Métahistoire et postmodernité
Nous parlons ici des grandes mutations culturelles actuelles, lesquelles annulent ou falsifient le passé, l’histoire politique et anthropologique de l’homme pour le précipiter dans l’éternité d’un présent consumériste sans la moindre épaisseur ontologique. Or si les guerres ouvertes en sont l’expression géopolitique visible (mais rarement perçues ou interprétées comme telles), elles couvrent par ailleurs une guerre d’une toute autre ampleur parfaitement intelligible pour qui accepte de faire l’effort d’y réfléchir. Cette dernière entend en effet reformater le genre humain selon une idéologie (autrement pernicieuse et virulente que le marxisme) et peut s’interpréter – là où le communisme a échoué à le faire - comme la tentative d’édifier une nouvelle religion… athéiste, matérialiste, antinomique contre naturelle et monadologique, c’est-à-dire hyper individualiste au sein d’un corps social atomisé à l’extrême… chaque être humain devenant un universel en soi et rien de plus, toute distinction et toute différenciation étant abolies d’un individu à l’autre.
Ne jamais oublier que le père spirituel de l’Europe en Marche, Coudenhove- [3], fut le théoricien précurseur du grand brassage des peuples devant en principe aboutir – sauf à ce que nous y mettions le holà ! – aux sentines génétiques promises pour très bientôt. Et en vérité les choses avancent vite depuis le discours de Palaiseau le 17 décembre 2008 [4] par lequel le président Sarkozy nous prévenait que le “métissage” était érigé au rang d’obligation d’État, au besoin en recourant si nécessaire à la force de la Loi ! Au total, une religion et une world culture profondément régressives faisant appel à toutes les ressources de la pensée prélogique et des structures archaïques de l’imaginaire collectif… Tous égaux et misérables sous le soleil de Satan ! Cette guerre de l’esprit se livre contre l’Homme et la nature humaine qu’il s’agit de déconstruire – et selon nos critères, d’avilir – en application du Troisième principe de la thermodynamique [5]. L’Humanité, morne plaine, étant conviée in fine à tendre vers un encéphalogramme plat… Exception faite bien entendu de la caste sacerdotale appelée à régner sans partage ! Le règne de la marchandise désacralisant tout - à commencer par l’homme essentiellement en son principe masculin sauf une soi-disant Terre Mère érigée en idole - égalise et ne différencie plus le vivant qu’au regard d’une valeur marchande, essentiellement quantifiable et contractualisable, unique hiérarchisation acceptable dans un monde substantiellement normé et uniformisé (standardisé).

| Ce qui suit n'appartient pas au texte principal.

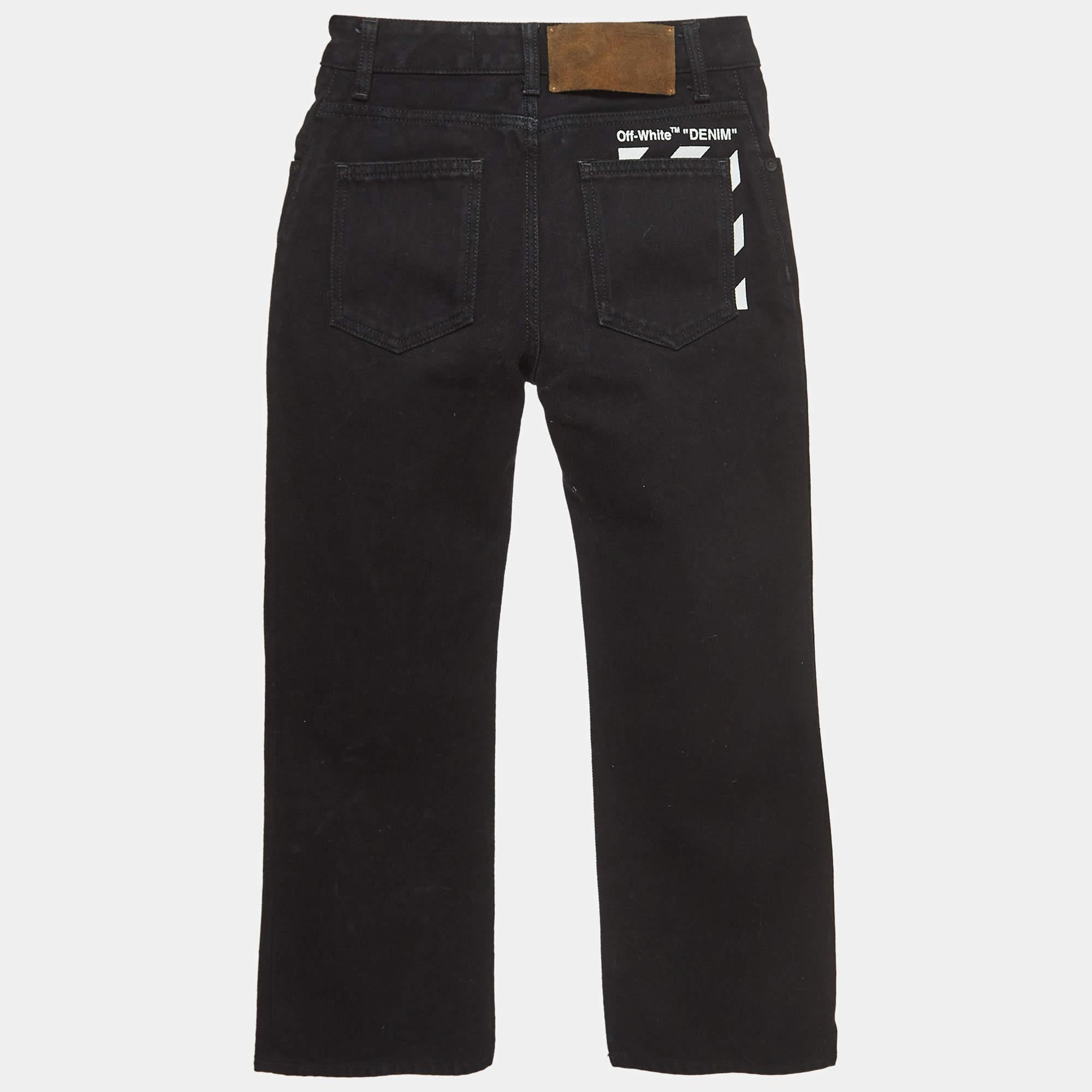 Impeccably tailored jeans are a staple in a well curated wardrobe. These designer jeans are finely sewn to give you the desired look and all day comfort.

La guerre est globale, ni dehors, ni dedans
Nous avions naguère évoqué les guerres du dehors, guerres de conquête hégémonique que lancent régulièrement l’Amérique et ses tributaires (au premier rang desquels la France depuis 1991 [6]. En attendant, revenons un instant aux guerres de surface et à l’architectonie des tensions et des affrontements potentiels, en gestation ou en évolution (in process) !

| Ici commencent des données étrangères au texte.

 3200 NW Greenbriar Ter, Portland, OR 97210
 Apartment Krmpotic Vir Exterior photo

Doctrine russe de la résistance au Nouvel ordre mondial
Le deuxième jour du Forum Économique International de Saint-Pétersbourg, le 7 juin 2019, le président Poutine prenait le contre-pied de la bienséance internationale et de l’ordinaire géopolitiquement correct. Certains y ont vu un – sans doute à juste titre – un deuxième discours de Munich [7] annonçant ubi et orbi qu’à partir de maintenant la Russie ne reconnaît définitivement plus le système établi de domination mondiale des États-Unis, plus gracieusement appelé unilatéralisme. La Russie lance de ce point de vue un défi au système judéo-protestant et entend s’unir à la Chine et aux nations du monde qui n’ont pas encore perdu le désir ou la volonté d’échapper au joug américain (Cf.A.Khaldeï11juil19) [8]. C’est dire sans ambages que deux « blocs » antagonistes dorénavant se font face. Ce qui était encore récemment implicite - et quoique que des pudeurs de jouvencelles aient empêchés jusqu’ici les diplomates de l’admettre ouvertement – devient donc une réalité particulièrement fâcheuse… et le rugueux fondement de la doctrine géopolitique officielle de la Fédération de Russie… Laquelle entend s’établir sur un ferme pouvoir d’État et une souveraineté non discutable.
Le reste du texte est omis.